Selon vous, quelle doit être l’attitude de la Mauritanie?
Dr
MMOM :
Je pense que pour des raisons humanitaires, l’extradition de M.
Senoussi en Libye est exclue, quand on se rappelle le traitement
inhumain, que ces autorités avaient réservé au président libyen,
Mouammar El Kadhafi, à son fils et à son ministre de la défense,
rescapés des bombardements d’un drone américain et des mirages
français. Quant à Seïf Al Islam, il s’est vu couper le doigt,
parce qu’il menaçait les opposants en faisant agiter ce même
doigt. La Mauritanie n’est pas signataire du traité de Rome
relatif à la CPI, un instrument du nouvel ordre mondial, spécialisé
dans le seul jugement des Africains et de certains rescapés de
l’ex-Union soviétique. Quant à la demande française, on est en
droit de se demander, pourquoi M. Sarkozy n’avait-il pas exigé de
M. Kadhafi l’extradition de M. Senoussi au moment où il lui
déroulait le tapis rouge sur les marches de l’Elysée. D’ailleurs
l’arrestation de M. Senoussi risquerait de faire ressortir les
accusations de financement de la campagne présidentielle de M.

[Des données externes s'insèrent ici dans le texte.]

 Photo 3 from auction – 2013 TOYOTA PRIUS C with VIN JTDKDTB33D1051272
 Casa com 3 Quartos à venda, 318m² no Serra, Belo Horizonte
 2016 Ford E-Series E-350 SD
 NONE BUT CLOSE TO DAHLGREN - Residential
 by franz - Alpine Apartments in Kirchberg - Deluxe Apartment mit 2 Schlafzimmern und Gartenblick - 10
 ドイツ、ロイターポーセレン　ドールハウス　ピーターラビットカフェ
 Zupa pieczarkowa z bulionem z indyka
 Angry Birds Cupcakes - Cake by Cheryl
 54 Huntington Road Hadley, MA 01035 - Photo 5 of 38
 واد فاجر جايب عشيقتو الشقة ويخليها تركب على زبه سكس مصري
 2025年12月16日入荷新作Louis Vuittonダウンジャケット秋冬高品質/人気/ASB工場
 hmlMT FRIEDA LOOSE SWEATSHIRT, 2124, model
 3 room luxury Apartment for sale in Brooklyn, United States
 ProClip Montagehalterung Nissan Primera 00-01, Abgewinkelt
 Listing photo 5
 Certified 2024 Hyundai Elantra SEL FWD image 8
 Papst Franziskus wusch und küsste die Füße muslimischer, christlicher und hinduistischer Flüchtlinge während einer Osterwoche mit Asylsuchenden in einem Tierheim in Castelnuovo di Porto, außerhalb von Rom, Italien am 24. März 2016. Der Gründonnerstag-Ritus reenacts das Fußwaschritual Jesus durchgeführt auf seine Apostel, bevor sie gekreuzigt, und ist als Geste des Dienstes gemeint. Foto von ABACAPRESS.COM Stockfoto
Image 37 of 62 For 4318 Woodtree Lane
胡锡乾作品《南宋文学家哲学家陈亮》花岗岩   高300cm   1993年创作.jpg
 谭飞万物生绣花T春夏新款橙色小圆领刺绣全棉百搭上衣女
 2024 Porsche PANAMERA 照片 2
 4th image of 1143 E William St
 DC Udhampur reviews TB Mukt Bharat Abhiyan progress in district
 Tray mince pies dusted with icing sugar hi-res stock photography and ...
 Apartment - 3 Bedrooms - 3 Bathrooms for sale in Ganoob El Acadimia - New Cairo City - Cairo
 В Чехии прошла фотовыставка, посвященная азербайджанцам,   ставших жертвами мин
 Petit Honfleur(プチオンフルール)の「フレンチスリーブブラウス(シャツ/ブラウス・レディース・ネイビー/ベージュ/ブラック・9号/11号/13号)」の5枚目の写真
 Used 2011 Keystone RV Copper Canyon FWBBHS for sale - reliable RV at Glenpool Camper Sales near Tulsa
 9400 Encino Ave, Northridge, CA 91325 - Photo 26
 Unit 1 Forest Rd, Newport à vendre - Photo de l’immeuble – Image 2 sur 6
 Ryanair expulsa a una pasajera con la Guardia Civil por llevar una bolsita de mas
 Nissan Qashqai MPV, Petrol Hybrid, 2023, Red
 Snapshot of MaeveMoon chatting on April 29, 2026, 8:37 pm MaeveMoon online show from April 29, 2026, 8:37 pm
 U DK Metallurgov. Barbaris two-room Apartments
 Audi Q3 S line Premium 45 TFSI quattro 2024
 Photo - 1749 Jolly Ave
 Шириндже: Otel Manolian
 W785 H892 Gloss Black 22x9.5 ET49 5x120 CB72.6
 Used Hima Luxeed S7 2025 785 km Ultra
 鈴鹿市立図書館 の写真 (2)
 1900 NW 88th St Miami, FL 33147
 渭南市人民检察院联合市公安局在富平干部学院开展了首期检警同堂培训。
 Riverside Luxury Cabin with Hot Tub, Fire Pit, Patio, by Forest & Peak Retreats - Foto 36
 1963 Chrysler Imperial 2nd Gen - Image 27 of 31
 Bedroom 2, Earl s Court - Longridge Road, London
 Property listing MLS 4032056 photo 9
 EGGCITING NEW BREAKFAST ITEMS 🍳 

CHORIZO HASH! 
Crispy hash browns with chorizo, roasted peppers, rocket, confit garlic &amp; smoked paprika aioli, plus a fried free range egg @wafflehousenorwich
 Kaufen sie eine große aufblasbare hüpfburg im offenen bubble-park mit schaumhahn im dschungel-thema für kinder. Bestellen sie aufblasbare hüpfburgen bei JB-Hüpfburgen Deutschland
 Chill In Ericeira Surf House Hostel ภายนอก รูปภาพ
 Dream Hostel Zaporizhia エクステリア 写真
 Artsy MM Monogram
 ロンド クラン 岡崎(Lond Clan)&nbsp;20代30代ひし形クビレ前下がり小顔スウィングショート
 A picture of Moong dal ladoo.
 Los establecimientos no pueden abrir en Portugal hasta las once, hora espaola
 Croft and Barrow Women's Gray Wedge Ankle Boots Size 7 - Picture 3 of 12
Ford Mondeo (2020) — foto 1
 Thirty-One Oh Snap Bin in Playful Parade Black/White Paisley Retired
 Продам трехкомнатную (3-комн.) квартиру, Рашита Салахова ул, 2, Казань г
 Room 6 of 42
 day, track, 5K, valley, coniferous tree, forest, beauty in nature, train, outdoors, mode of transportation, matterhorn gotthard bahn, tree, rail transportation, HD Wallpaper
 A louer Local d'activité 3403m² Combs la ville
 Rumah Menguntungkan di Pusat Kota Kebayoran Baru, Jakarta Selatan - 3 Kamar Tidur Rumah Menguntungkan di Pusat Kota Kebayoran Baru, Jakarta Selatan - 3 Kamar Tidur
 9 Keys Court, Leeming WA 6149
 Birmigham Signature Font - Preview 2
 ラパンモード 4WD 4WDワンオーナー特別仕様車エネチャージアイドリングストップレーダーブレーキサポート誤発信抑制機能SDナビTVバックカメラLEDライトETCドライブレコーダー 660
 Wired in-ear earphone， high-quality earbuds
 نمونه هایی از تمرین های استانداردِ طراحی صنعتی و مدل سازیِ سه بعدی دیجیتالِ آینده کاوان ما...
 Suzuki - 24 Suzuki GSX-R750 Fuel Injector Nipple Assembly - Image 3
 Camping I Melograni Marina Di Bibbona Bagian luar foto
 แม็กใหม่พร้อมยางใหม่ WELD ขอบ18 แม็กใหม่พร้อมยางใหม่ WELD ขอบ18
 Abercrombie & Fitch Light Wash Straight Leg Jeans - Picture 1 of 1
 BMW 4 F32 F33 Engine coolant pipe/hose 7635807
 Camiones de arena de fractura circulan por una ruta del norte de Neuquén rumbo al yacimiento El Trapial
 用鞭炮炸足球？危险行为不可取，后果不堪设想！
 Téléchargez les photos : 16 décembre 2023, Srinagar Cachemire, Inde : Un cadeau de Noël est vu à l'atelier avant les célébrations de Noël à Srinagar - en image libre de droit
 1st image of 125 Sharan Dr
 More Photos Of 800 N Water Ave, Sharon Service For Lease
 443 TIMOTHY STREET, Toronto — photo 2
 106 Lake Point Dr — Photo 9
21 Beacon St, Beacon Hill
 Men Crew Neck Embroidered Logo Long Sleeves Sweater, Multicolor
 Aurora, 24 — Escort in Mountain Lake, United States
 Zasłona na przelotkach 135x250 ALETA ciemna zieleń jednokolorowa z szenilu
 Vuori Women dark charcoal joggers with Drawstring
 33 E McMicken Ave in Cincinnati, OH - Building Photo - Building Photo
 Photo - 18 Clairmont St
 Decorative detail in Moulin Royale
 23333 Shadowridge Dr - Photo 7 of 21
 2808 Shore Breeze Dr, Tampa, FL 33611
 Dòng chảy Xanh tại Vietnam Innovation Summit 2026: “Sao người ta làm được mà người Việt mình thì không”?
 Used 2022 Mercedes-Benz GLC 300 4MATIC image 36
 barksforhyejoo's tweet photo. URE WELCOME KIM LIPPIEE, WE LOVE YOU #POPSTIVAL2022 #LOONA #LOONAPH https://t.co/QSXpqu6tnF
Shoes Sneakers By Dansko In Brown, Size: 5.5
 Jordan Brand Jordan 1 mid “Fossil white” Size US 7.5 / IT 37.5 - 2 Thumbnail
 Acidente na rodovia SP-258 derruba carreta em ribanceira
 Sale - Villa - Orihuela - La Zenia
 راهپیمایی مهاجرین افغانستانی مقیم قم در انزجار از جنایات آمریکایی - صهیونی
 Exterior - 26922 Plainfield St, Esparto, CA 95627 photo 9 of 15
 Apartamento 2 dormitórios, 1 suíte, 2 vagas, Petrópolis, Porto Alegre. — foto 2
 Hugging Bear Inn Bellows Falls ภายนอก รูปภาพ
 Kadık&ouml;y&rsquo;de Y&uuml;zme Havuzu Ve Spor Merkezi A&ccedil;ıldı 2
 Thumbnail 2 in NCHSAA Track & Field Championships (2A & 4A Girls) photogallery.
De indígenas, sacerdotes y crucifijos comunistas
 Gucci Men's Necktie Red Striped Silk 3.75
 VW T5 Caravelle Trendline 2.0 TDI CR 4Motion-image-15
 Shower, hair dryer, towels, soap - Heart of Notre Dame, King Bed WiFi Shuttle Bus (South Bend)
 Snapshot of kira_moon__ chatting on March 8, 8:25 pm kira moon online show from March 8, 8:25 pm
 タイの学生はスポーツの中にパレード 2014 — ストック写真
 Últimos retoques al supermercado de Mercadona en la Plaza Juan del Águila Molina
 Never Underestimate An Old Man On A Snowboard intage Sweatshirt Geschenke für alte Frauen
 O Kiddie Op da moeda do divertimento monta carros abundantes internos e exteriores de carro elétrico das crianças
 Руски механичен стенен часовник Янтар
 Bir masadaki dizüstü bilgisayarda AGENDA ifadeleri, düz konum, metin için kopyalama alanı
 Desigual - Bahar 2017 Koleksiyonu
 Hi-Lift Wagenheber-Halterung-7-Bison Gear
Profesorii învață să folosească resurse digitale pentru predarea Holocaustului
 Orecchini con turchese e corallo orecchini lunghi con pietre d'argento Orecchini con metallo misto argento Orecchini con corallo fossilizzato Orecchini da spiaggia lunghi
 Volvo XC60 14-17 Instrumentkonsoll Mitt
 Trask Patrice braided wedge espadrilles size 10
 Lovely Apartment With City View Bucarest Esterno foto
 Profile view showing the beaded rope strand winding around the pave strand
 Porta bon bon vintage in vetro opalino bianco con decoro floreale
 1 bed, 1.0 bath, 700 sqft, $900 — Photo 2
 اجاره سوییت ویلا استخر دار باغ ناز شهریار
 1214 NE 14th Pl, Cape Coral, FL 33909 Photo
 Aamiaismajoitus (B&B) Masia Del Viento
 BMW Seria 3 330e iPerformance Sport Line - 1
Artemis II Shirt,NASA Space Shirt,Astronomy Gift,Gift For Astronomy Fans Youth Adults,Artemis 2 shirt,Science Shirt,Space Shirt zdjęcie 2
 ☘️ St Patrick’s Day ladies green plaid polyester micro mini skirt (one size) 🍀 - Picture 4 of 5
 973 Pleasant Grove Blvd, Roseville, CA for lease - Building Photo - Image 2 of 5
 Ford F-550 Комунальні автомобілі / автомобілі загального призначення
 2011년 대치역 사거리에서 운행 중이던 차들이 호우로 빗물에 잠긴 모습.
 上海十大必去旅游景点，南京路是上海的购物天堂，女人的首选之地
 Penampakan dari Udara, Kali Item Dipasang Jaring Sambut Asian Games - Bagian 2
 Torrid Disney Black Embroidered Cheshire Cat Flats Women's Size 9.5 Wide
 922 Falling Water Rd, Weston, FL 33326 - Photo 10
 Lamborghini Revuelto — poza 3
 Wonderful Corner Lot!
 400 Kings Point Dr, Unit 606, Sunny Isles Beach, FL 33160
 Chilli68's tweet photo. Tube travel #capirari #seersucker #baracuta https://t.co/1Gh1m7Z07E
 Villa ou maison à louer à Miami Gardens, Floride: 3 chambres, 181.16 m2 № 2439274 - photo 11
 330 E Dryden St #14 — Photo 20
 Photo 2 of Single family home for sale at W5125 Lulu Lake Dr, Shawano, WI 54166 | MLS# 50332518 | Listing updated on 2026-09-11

Sarkozy par la Libye en 2007.
NI
: Il n’est un secret pour personne que vous avez toujours suivi
avec intérêt les campagnes présidentielles françaises. Quelles
réflexions vous inspire l’actuelle campagne?
Dr
MMOM :
M. Sarkozy déclare, à l’occasion de sa visite au culte musulman
de Paris : «Nous voulons d’un Islam de France, mais pas de l’Islam
en France». Bien qu’aucun des candidats français à l’élection
présidentielle, n’est ni d’origine musulmane, ni issu de
l’immigration, cette campagne tourne essentiellement pour M.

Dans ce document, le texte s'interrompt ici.